### COLLECTED MATERIAL
BEGIN
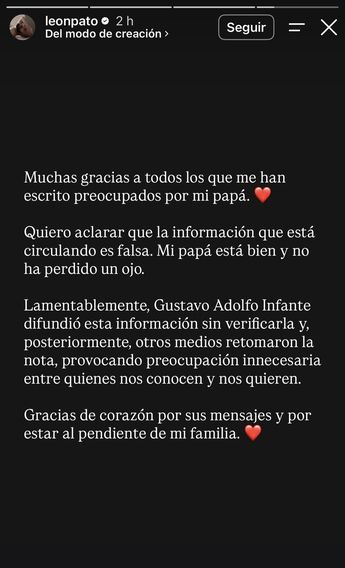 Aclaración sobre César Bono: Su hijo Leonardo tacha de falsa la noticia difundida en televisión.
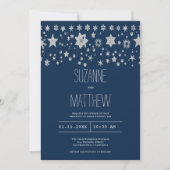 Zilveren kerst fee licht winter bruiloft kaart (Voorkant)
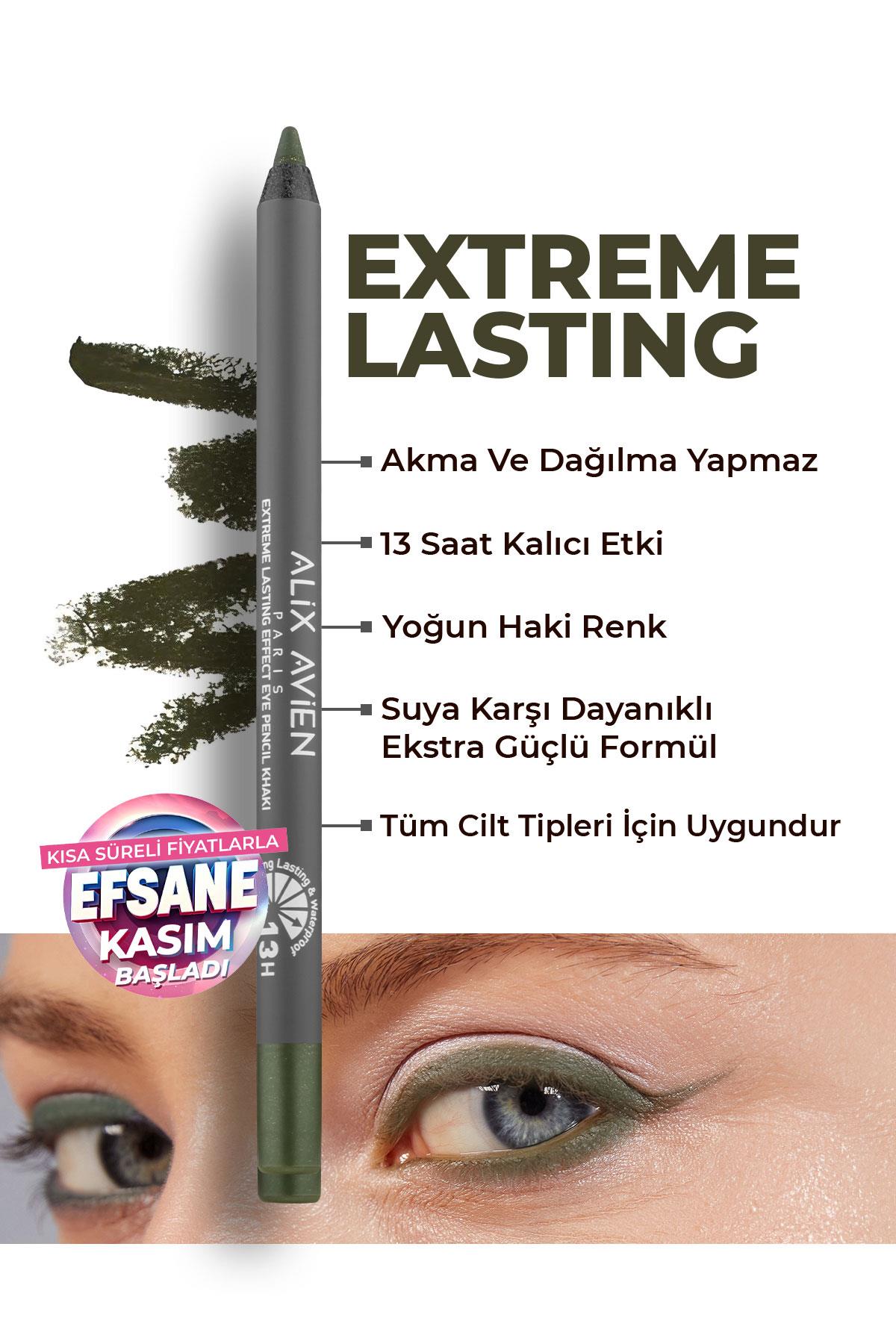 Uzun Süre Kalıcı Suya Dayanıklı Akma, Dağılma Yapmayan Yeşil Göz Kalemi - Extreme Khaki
END
### WORK ORDER
The data above, line by line: transcribe it exactly and drop the pictures.

### WRITTEN ANSWER
 Aclaración sobre César Bono: Su hijo Leonardo tacha de falsa la noticia difundida en televisión.
 Zilveren kerst fee licht winter bruiloft kaart (Voorkant)
 Uzun Süre Kalıcı Suya Dayanıklı Akma, Dağılma Yapmayan Yeşil Göz Kalemi - Extreme Khaki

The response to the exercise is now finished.